Packing your bags, saying your goodbyes and leaving everything behind: I’m not talking about going to university, I’m talking about leaving it. It’s that time of year when many people make important life decisions and abandoning your student status is one of the most significant. Around 9% of UK students eventually leave higher education prematurely, this equating to approximately one in ten people. So why does it have such a stigma attached to it?


From school’s early years, university is presented as the best and sometimes only option for career progression. University admissions statistics reflect on the quality of schools, something they are all too aware of. This leads to many students choosing degrees they have scant interest in. After the excitement of Freshers’ Week, missing lectures becomes the norm and exams become meaningless – the precious student loan is the only thing you look forward to. It may take some longer than others but whenever you finally decide to ‘drop out’ the stigma arrives. You have given up, and should be ashamed and miserable, but that’s not quite right. Deciding to leave university will be the best decision some people will ever make but not one that should be taken lightly.


‘Dropping out’ should be seen as a fresh start rather than abject failure. There are many reasons why students decide to leave university and not being intelligent enough is rarely the issue. Reasons can range from choosing the wrong degree, not making enough friends, just wanting something more than the 9-5 graduate job to increasingly common financial difficulties. Students who make this leap into the relatively unknown world of the vast and exciting opportunities that exist off campus should be regarded as brave and determined.


There are plenty of rewarding and financially satisfying jobs that do not require a degree. If you have come straight from school, then taking a year out to travel or work full-time can provide you with the perspective and knowledge to finally decide what you want for yourself. Changing degrees or even universities is always an option, even at a later stage in your life, eventually studying the subject you are actually interested in.

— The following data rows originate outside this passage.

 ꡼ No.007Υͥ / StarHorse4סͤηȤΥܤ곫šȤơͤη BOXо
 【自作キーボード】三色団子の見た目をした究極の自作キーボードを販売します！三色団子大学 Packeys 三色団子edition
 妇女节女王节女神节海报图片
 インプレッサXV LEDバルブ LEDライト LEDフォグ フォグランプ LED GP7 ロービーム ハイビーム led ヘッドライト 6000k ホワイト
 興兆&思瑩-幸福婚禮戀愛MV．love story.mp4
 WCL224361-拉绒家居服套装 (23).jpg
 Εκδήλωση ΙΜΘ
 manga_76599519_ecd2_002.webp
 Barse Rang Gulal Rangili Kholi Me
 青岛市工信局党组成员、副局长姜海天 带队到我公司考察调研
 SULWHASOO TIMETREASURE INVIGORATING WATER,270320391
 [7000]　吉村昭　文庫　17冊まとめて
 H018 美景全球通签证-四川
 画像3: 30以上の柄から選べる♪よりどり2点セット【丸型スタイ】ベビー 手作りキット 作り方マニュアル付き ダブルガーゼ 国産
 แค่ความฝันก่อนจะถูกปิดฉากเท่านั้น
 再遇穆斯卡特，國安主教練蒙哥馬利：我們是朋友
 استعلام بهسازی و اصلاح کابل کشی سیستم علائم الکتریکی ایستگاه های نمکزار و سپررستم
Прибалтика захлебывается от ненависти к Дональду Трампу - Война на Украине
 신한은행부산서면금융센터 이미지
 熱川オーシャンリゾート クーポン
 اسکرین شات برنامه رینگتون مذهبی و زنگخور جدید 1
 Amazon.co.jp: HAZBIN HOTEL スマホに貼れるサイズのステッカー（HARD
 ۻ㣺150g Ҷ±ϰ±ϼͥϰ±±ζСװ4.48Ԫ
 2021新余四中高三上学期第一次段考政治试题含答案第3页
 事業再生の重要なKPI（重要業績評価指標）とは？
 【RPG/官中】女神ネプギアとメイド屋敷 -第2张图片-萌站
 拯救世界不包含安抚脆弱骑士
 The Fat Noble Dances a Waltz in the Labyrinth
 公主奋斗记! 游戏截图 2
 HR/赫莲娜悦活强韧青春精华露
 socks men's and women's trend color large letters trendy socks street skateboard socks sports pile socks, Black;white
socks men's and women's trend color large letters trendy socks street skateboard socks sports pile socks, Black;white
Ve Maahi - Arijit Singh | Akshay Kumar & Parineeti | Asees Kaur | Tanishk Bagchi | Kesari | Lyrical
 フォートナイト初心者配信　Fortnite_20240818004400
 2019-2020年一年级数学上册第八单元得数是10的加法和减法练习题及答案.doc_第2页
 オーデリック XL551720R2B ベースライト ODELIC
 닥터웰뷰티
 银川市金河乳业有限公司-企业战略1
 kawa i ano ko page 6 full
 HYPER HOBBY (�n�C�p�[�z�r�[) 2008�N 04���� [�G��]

Having had one of my close friends go through the gradual motions of realising university was not for them, I have witnessed up-close the disappointment the whole sorry situation can bring. Initially shocking but not entirely unexpected, the possibility of losing a flatmate and friend had become more conceivable as the first semester dragged on. This negativity, however, soon gave way to the belief that this person had made the right decision. University is not for everybody and some people are just not content. Dropping out of university however, should always be the last option. Of course, only when you have exhausted all avenues and firmly believe that university is not right for you, should you take such action. However, if you see no longer see a future at university then don’t worry about what other people think. Your friends will understand and have belief in you. Your mum will still be proud and contrary to popular belief; it really is not the end of the world.